La main visible des managers : c’est là le titre d’un texte important en sciences de gestion, traduit il y a bientôt trente ans et que tout bon étudiant en école de gestion a dû, à un moment ou à un autre, voir figurer dans une bonne bibliographie d’un cours consacré à la théorie des organisations. Ce livre se donnait pour objectif de retracer l’émergence du capitalisme managérial en prenant appui, comme le souligne Jean-Michel Saussois qui préface la version française, sur « la construction intentionnelle de vastes ensembles hiérarchisés qui visent à coordonner les flux de biens et de services, et cela à côté des règles du marché ». Au fond la main invisible telle qu’Adam Smith la présente aurait en quelque sorte perdue la main au profit de la main mise, cette fois bien visible, des salariés-dirigeants des entreprises de toute taille, sur le capitalisme mondialisé.

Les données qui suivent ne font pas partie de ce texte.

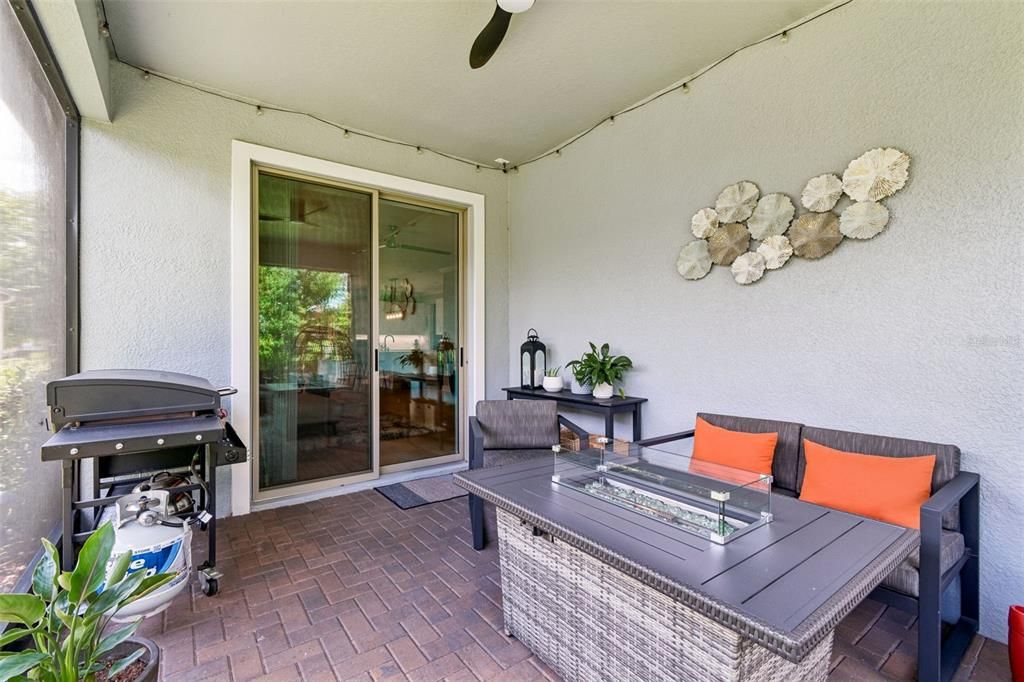 For Sale: $389,500 (2 beds, 2 baths, 2242 Square Feet)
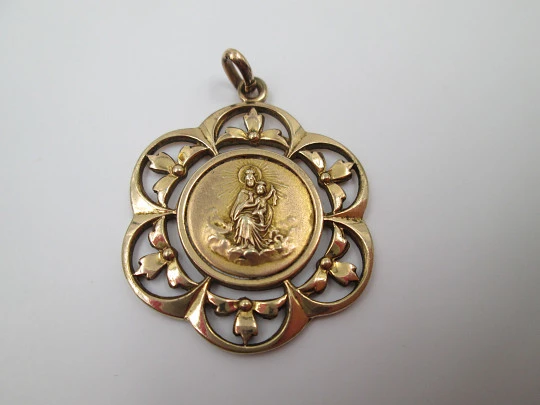 Openwork golden metal medal. Virgin with Child. Vegetable motifs. 1940's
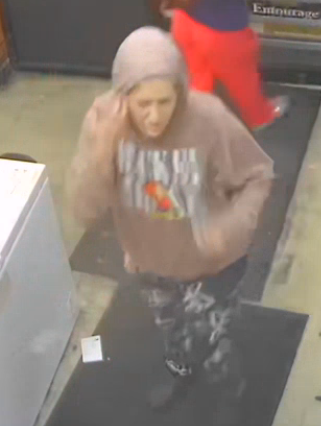 GreecePoliceNY's tweet photo. 🔍ATTEMPT TO IDENTIFY🔎

Greece Police Department, New York is asking for help in identifying the pictured individuals who are involved in using a stolen debit card in the City of Rochester that was stolen from a wallet between 09.03.24 and 09.27.24 from a facility located in town.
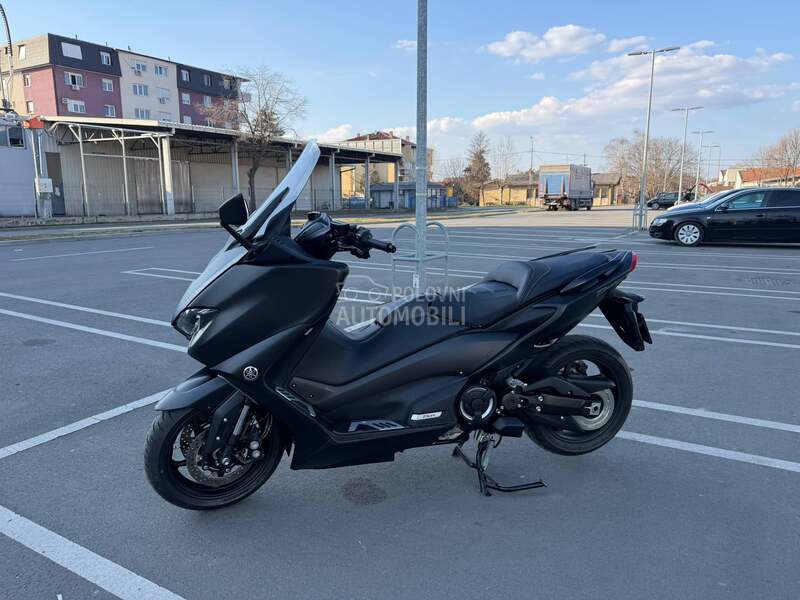 Yamaha T max 560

Cette image de la main du manager est assez fascinante si on veut un temps soit peu s’y arrêter. Car en effet, c’est bien de là que nous viennent les origines du mot management, du latin, manus, qui veut dire précisément : la main. Avec cette racine étymologique c’est toute la fonction managériale qui se trouve appréhendée en effet, car bien manager n’est-ce pas aussi, bien manœuvrer, bien conduire ? Bref, avoir une bonne main ? On retrouve ici l’image du manège, si souvent utilisée, du cavalier capable, par alternance, en retenant sa monture ou en la sollicitant plus énergiquement, d’en extraire tous les talents et toute la puissance productive. Manager serait d’abord une affaire de tact, d’habileté, peut-être même de délicatesse.
Du côté de la philosophie, il est intéressant de constater que pour Heidegger par exemple, penser n’est pas dissociable d’un travail de la main. Selon l’auteur d’Etre et temps, la main est ni plus ni moins que le privilège de l’homme. La main occasionne aussi ce retour à nous-mêmes dont nous avons précédemment parlé avec Socrate. La main est ce qui prend d’un côté et ce qui rend de l’autre, ainsi que fonctionnent finalement le mode transactionnel, elle est enfin ce qui permet l’engagement, en signant d’une poignée l’accord entre plusieurs personnes animées d’un désir collaboratif.
Attention tout de même à ne pas voir trop vite avec cette image une manière simpliste, et manipulable justement pour cette raison, de décoder le travail managérial. Car au fond qu’est-ce que ces mains du manager ont à nous dire? Et bien précisément de nous donner à voir, en sous-main, les deux orientations possibles de l’activité managériale. Car de la brutale mainmise à la juste manœuvre, du maniement des hommes, pour employer l’expression du livre récent de Thibault Le Texier, à la stratégie de la main tendue pour un management plus éclairé et plus humain, il y a bien plus que l’écart du pouce et de l’index.